Chow is concerned about the impact of urbanisation on aquifers. He believes that population growth, informal settlements, industrial land use, and paving over large areas of land are all contributing to the depletion of aquifers. He is encouraged by the fact that some cities are starting to design with infiltration features in mind, but he believes that more needs to be done to ensure that aquifers are protected from the effects of urbanisation.
Chow pointed out that the City of Cape Town is basically a “concrete jungle” with a lot of concrete and asphalt, which can have a negative impact on aquifers. “In large urban areas, where everything is paved over, water cannot infiltrate into the ground and recharge aquifers. Instead, it runs off the surface, is collected in drainage pipes, and is piped out to the ocean. This means that water that would have naturally recharged aquifers is instead lost to the sea.”

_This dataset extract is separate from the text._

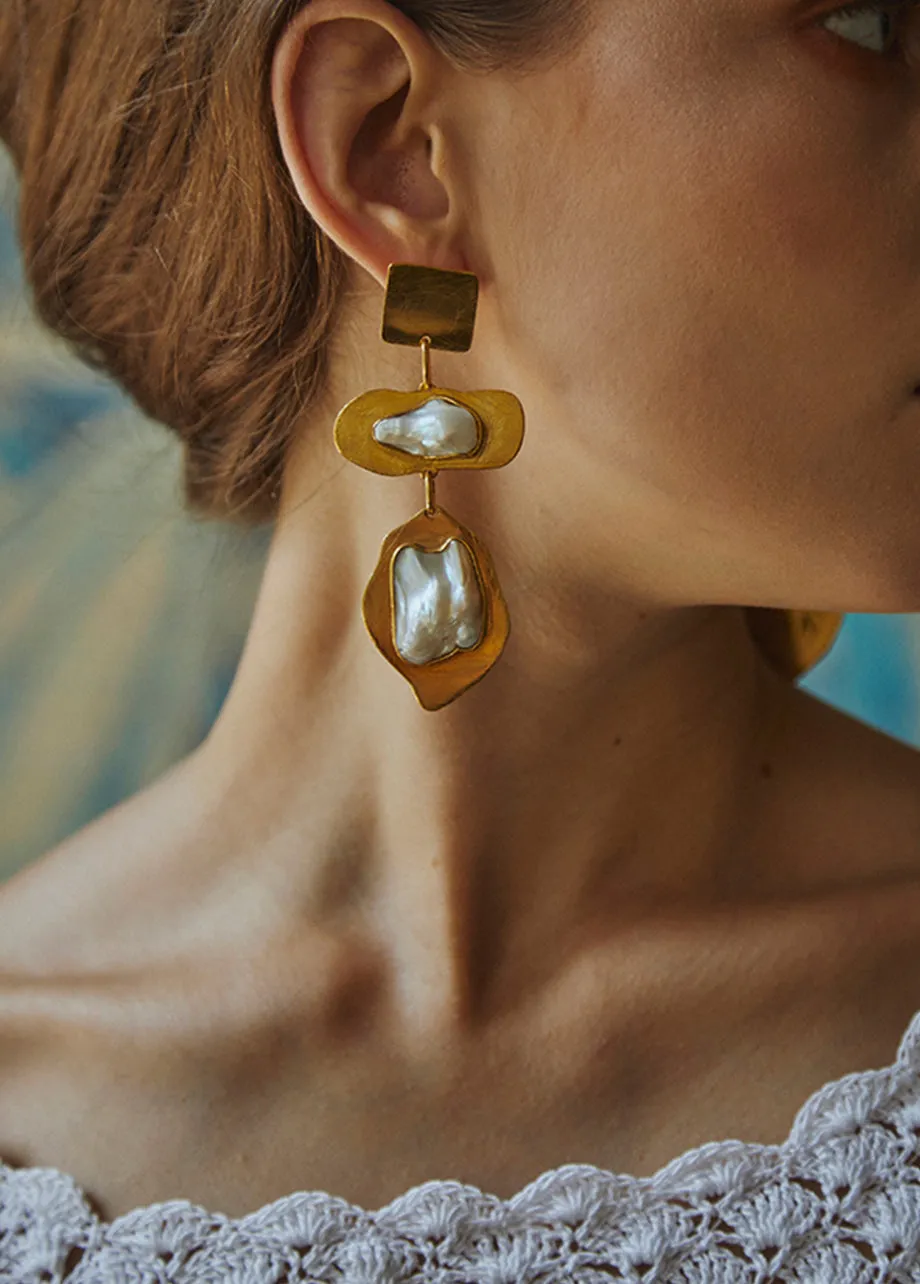 PEARLETTE EARRINGS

But can we go back and undo the damage already been done?
“Yeah, that’s actually a tricky part,” said Chow.
He explained that it is much easier to prevent groundwater contamination than it is to clean it up after it has happened. This is because groundwater contamination can be very difficult to remove from the subsurface. Once contaminants are absorbed into the soil or rock, they can be very difficult to extract. Groundwater also moves slowly, so it can take a long time for contaminants to travel through the subsurface and reach the drinking water well. This means that by the time contamination is detected, it may have already spread to a large area.

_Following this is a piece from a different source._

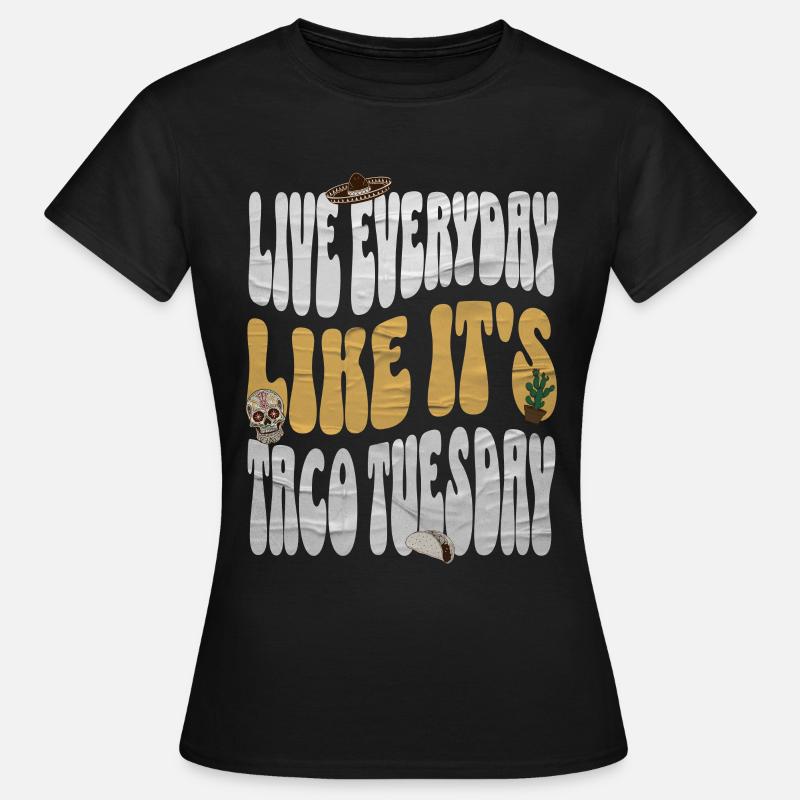 Taco - Women's T-Shirt - black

For these reasons, Chow recommends that we focus on preventing groundwater contamination from happening in the first place. This can be done by identifying areas that are vulnerable to contamination and taking steps to protect them. For example, we can designate groundwater protection areas where certain activities, such as industrial development or the disposal of hazardous waste, are prohibited.

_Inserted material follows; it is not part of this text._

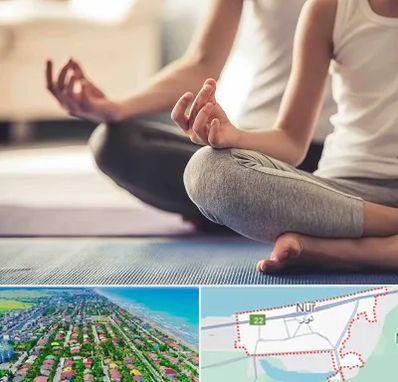 کلاس مدیتیشن در نور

“If you’re in this area, you’re not allowed to build a factory, if you’re in this area, you’re not allowed to have a petrol station. Why? Because those are sources of contamination,” he said.
Is desalination an alternative to using groundwater?
Desalination is the process of removing salt from seawater or other saline water to produce water that is suitable for human consumption or irrigation.
“That was explored during the drought,” said Chow. “But it is expensive and energy-intensive. It is also not always effective, as the quality of the water produced can vary depending on the salinity of the seawater.”
Chow explained that a desalination plant was built in Cape Town during the drought, but it was not operational when it was needed. This was because the specifications of the plant were not correct for the seawater in Cape Town. He also said that the cost of desalination can be prohibitive, especially if the water quality is poor. He compared the cost of desalination to the cost of drilling a borehole and pumping out groundwater. He said that drilling a borehole is usually much cheaper, but the cost of pumping the water out increases as the water gets deeper.
He also mentioned the problem of saline intrusion. This is when seawater enters a freshwater aquifer, making the water salty and unusable. Saline intrusion can be a problem for coastal areas, where groundwater is often used for drinking water. He said that desalination is a viable solution for water scarcity, but it is important to consider the cost and environmental impact before investing in a desalination plant.
Call to Action
Chow is concerned that people have forgotten about the drought and are going back to their old water usage habits. He believes that this is a dangerous trend, as it could lead to Day Zero, a situation in which Cape Town would run out of water. He argues that people need to start using water more conservatively and that policymakers need to implement water usage restrictions and measures to help people change their habits.